• Nombre de visites :
  • 3050
  • 24/10/2007
  • Date :

KAZA VE KADER

gökyüzü

       Mücebbire diye adlandırılan toplum, yaratıkların fiilleri olmadığı, bütün fiillerin failinin, Allah-u Teala olduğu kanaatine sapmıştır. Onlara göre Allah, haşa, insanlara cebren isyana dair işler işletmekte, böyle olduğu halde de onları cezalandırmadadır; itaata dair işlere cebretmekte, aynı zamanda da onları sevaba nail eylemektedir. Onlarca kulların fiilleri, gerçekte, Allah'ın fiilleridir; fakat şu var ki bu hususta kullar, o fiillere mahal olmaktadır.Bu inanç, eşyadaki sebebiyyeti inkarın sonucuna varır; gerçek sebebi yaratan ise şeriki (ortağı) olmayan Allah-u Teala'dır. Bu inanca sapan, Allah-u Teala'ya zulmü nisbet etmektedir, oysa bundan münezzehtir.
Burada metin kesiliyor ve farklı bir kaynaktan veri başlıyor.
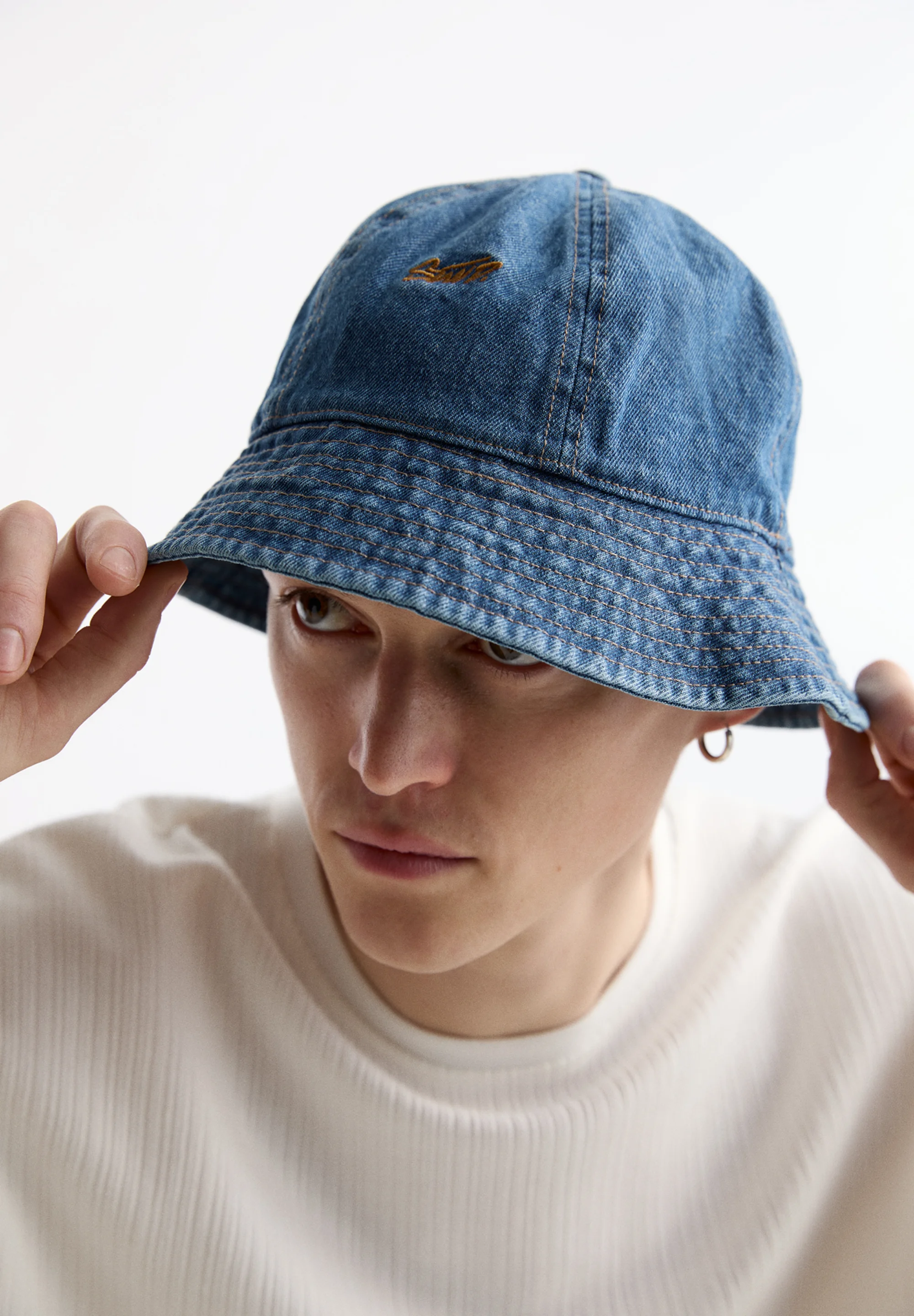 PULL&BEAR BUCKET - Sombrero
        Bir başka toplumsa Mufavvıza diye anılmaktadır. Onlara göre Allah-u Teala, bütün fiilleri yaratıklarına tefviz etmiş, gücünü, takdirini, kaza ve kaderini onlardan kaldırmıştır. Bu inancı güdenlerce ef'ali, Allah-u Teala'ya nisbet etmek, ona noksanı nisbet etmektir. Varlıkların sebebleri vardır ve bütün sebebler, sebebleri meydana getirene, ilk sebebe, Allah-u Teala'ya irca edilirse, bu, Allah'ın gücünü iptal sonucuna varır ki bu da, yaratışta, O'na, Ondan gayrıyı da şerik koşmaktır.
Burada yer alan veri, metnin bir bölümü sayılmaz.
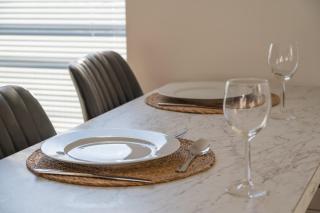 Custom House Square City Centre Retreat - Belfast - 4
  Bizim inancımız ise, tertemiz İmamlarımız (aleyhimüsselam)'dan gelmektedir. O inanç da bu iki inancın ortasındadır, yani gerçek, bu ikisinin arasındadır. Bu iki inancın kelamcılarının delillerindeki çelişkiler, insanı hayrete düşürür. Bir toplum, ileri gitmiştir, diğeri ise geri kalmıştır. İmamımız Cafer Sadık aleyhisselam, bu orta yolu, meşhur Cebir de yoktur, tefviz de; fakat iş, iki işin arasındadır buyruklarıyla bildirmişlerdir.
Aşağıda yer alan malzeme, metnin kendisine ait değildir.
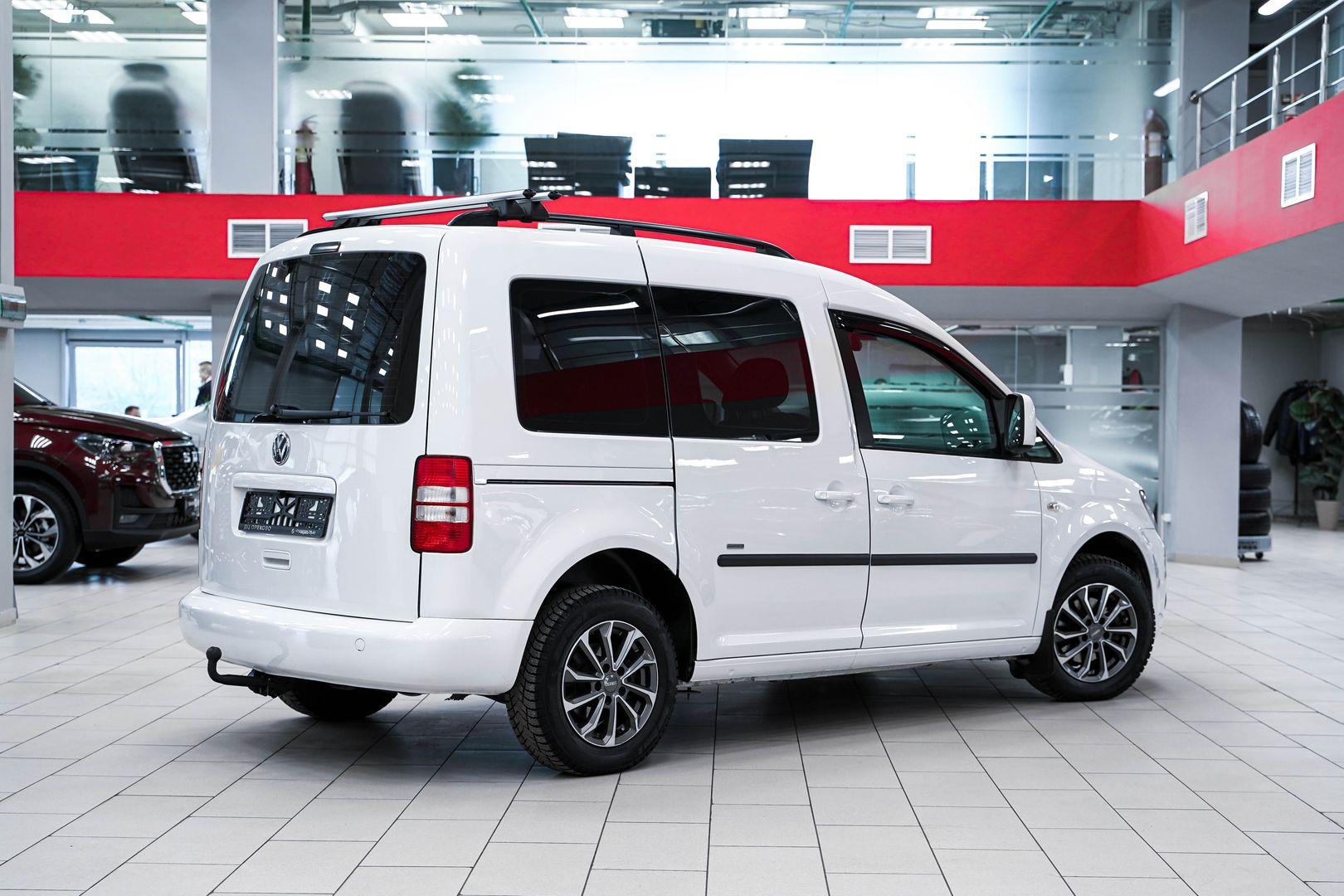 Volkswagen Caddy 2013, белый, ДЦ Орехово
        Bu sözün etraflıca anlamı ve özet yoluyla ifadesi şudur:

        İşlerimiz, bir bakıma bizim işlediğimiz işlerdir; bunları işlemeye gücümüz, ihtiyarımız vardır. Fakat bir başka bakımdan da bu işler, Allah'ın takdirine bağlıdır, kudretine dahildir. Allah-u  Teala, bize, işlediğimiz işleri zorla işletmemektedir; aksi halde yaptığımız kötülüklere karşı bizi cezalandırması zulüm olurdu. Bunları işlemekte bizim gücümüz, ihtiyarımız vardır; ama işlerimizi, ancak kendimizin işlememiz hususunda da bizi başı boş bırakmamıştır; yaptıklarımızı, O'nun kudretiyle yapmaktayız. Gerçekte yaratış da O'nundur, hüküm de O'nun; emir de O'nun ve O, her şey'e gücü yetendir, kullarını gücüyle kavrayandır.

         Hasılı Kaza ve Kader, Allah-u Teala'nın sırlarından bir sırdır. Kim bunu, ileri varmadan, geri kalmadan anlarsa, hüküm budur; bu hususta fazla incelemeye kalkışırsa sapıklığa düşebilir, inancı bozulur; çünkü bu, öyle güç ve ince felsefi bir bahisdir ki ancak binde bir kişi kavrayabilir. İnsanın, Eimme-i Ethar'ın, (Masum İmamlar'ın) (a.s), buyurdukları gibi, gerçeğin, ikisi arasında olduğuna mutlak olarak cebir ve tefvizin bulunmadığına inanması yeter. Esasen bu, mutlaka etraflıca, inceden inceye araştırılıp inanca varılması gereken itikaadi asıllardan da değildir.